Architecture Overview
Understanding how OptimaGPT's components relate to each other will help you plan your installation and diagnose any issues.
How the components connect
Users & applications
│ HTTPS
▼
OptimaGateway
├── Admin interface
├── OptimaChat (web UI)
└── OpenAI-compatible API
│ WebSocket (encrypted)
▼
OptimaNode
└── AI Model (GGUF)
Requests from users and applications arrive at the Gateway over HTTPS. The Gateway authenticates the request, selects an available Node, and forwards the inference work to it over an encrypted WebSocket connection. The Node runs the model and returns the result to the Gateway, which delivers it back to the caller.
OptimaGateway
The Gateway is the front door to your OptimaGPT installation. It is the only component that needs to be reachable from your users and applications. It handles:
- Authentication — Users log in with a username and password. Applications authenticate with an API key or a JWT token.
- Routing — Incoming inference requests are distributed across connected, available Nodes.
- The admin interface — All configuration lives here: users, API keys, node management, model settings, MCP servers, and diagnostics.
- OptimaChat — The user-facing chat interface runs inside the Gateway. Users access it by opening a browser and navigating to the Gateway's address.

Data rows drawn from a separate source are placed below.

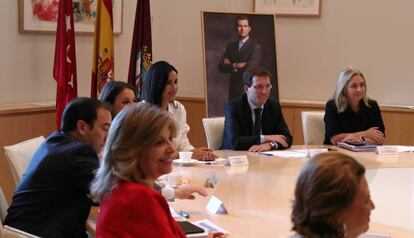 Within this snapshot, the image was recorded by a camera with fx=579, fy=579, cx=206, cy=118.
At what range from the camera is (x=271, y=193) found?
2838 millimetres

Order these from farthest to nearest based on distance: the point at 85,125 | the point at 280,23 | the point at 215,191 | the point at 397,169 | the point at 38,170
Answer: the point at 280,23 → the point at 397,169 → the point at 215,191 → the point at 85,125 → the point at 38,170

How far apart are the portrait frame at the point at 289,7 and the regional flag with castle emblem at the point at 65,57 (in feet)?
6.95

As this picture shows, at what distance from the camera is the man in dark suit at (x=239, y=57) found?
565 centimetres

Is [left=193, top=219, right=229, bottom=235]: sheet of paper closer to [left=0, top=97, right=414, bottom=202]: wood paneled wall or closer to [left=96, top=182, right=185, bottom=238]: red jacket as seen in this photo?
[left=96, top=182, right=185, bottom=238]: red jacket

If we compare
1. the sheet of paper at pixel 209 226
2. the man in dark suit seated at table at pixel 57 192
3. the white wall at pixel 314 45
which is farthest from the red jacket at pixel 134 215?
the white wall at pixel 314 45

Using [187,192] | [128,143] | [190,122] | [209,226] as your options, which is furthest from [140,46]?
[128,143]

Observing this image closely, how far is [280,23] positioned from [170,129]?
4373 millimetres

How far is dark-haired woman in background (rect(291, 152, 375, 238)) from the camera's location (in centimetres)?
144

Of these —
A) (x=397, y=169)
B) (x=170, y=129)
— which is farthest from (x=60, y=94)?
(x=170, y=129)

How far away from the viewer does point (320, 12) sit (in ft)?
19.4

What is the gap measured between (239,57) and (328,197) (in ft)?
14.1

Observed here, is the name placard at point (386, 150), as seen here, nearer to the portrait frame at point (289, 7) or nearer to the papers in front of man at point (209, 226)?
the papers in front of man at point (209, 226)

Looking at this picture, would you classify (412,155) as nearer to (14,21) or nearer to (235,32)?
(235,32)

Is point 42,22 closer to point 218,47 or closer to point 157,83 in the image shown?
point 157,83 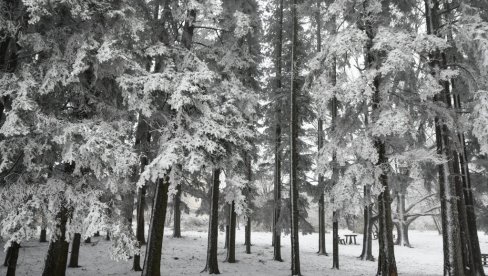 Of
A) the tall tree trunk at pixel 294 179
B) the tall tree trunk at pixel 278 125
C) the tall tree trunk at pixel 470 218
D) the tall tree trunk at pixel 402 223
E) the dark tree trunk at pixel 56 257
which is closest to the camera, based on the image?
the dark tree trunk at pixel 56 257

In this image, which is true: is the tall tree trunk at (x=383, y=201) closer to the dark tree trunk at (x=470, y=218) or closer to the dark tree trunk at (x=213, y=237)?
the dark tree trunk at (x=470, y=218)

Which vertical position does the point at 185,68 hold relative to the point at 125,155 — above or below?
above

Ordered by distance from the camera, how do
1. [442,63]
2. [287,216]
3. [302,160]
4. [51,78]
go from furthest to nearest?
[302,160]
[287,216]
[442,63]
[51,78]

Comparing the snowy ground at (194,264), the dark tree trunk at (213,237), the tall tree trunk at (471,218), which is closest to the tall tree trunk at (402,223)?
the snowy ground at (194,264)

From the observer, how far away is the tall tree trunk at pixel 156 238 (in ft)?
31.5

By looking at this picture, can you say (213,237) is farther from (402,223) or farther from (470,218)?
(402,223)

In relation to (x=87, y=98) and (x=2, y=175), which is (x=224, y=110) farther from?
(x=2, y=175)

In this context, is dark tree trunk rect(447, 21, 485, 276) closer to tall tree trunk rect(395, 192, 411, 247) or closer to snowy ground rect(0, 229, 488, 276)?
snowy ground rect(0, 229, 488, 276)

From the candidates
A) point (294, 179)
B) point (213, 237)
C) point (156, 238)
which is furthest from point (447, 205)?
point (156, 238)

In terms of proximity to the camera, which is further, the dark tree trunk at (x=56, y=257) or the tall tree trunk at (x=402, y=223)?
the tall tree trunk at (x=402, y=223)

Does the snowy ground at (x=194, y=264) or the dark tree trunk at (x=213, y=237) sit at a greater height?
the dark tree trunk at (x=213, y=237)

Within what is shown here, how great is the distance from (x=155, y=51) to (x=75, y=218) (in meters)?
4.92

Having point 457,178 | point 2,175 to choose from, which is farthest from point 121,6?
point 457,178

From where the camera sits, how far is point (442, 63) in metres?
10.6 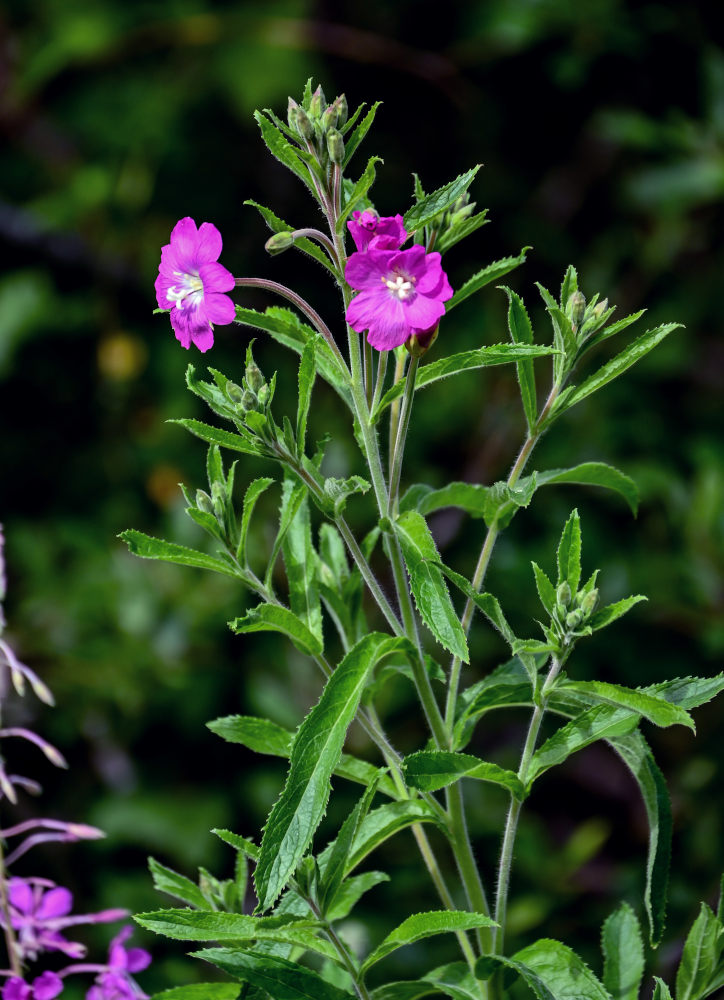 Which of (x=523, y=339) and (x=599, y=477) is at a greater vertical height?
(x=523, y=339)

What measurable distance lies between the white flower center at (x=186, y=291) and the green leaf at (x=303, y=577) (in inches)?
8.0

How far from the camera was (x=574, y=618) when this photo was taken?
3.27 feet

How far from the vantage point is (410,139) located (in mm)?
3389

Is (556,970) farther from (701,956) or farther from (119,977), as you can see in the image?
(119,977)

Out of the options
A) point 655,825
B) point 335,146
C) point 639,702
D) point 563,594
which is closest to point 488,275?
point 335,146

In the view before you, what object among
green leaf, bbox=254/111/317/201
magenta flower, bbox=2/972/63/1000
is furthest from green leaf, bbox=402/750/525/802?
green leaf, bbox=254/111/317/201

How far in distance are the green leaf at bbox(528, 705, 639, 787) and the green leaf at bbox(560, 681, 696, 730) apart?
0.9 inches

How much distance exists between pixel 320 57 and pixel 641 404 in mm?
1379

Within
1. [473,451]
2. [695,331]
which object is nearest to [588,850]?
[473,451]

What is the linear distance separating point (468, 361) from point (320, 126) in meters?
0.23

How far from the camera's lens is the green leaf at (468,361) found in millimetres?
972

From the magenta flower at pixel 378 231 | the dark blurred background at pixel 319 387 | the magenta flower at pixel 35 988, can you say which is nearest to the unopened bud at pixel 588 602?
the magenta flower at pixel 378 231

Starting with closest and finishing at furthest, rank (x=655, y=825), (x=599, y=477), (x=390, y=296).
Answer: (x=390, y=296) → (x=655, y=825) → (x=599, y=477)

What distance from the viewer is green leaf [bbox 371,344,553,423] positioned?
38.3 inches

The Gateway exposes an OpenAI-compatible API, meaning any application that supports OpenAI can be configured to use OptimaGPT without modification.
OptimaNode
The Node handles inference. It does not expose an external API — it communicates only with the Gateway. Each Node:
- Scans a designated local directory for GGUF model files and registers them with the Gateway.
- Launches and supervises a dedicated inference process for each enabled model.
- Accepts inference requests from the Gateway and returns results.
- Reports hardware metrics (CPU, GPU, RAM, VRAM) back to the Gateway in real time.
OptimaChat
OptimaChat is the user-facing chat interface. It runs inside the Gateway — no separate installation is needed. Users open a browser, navigate to the Gateway's address, and log in. The OptimaGPT desktop application provides the same interface in a native window, without needing a browser.
Deployment patterns
Single machine Gateway and Node installed together on one server. The simplest setup, appropriate when a single machine has sufficient hardware for both roles.
Separate machines Gateway on one server, one or more Nodes on other machines. Useful when your inference hardware (a machine with a GPU, for example) is separate from the server you want to expose to your network.
Multiple Nodes One Gateway with several Nodes connected. Inference requests are distributed across Nodes automatically. Useful for handling more concurrent users, or for running different models on different machines.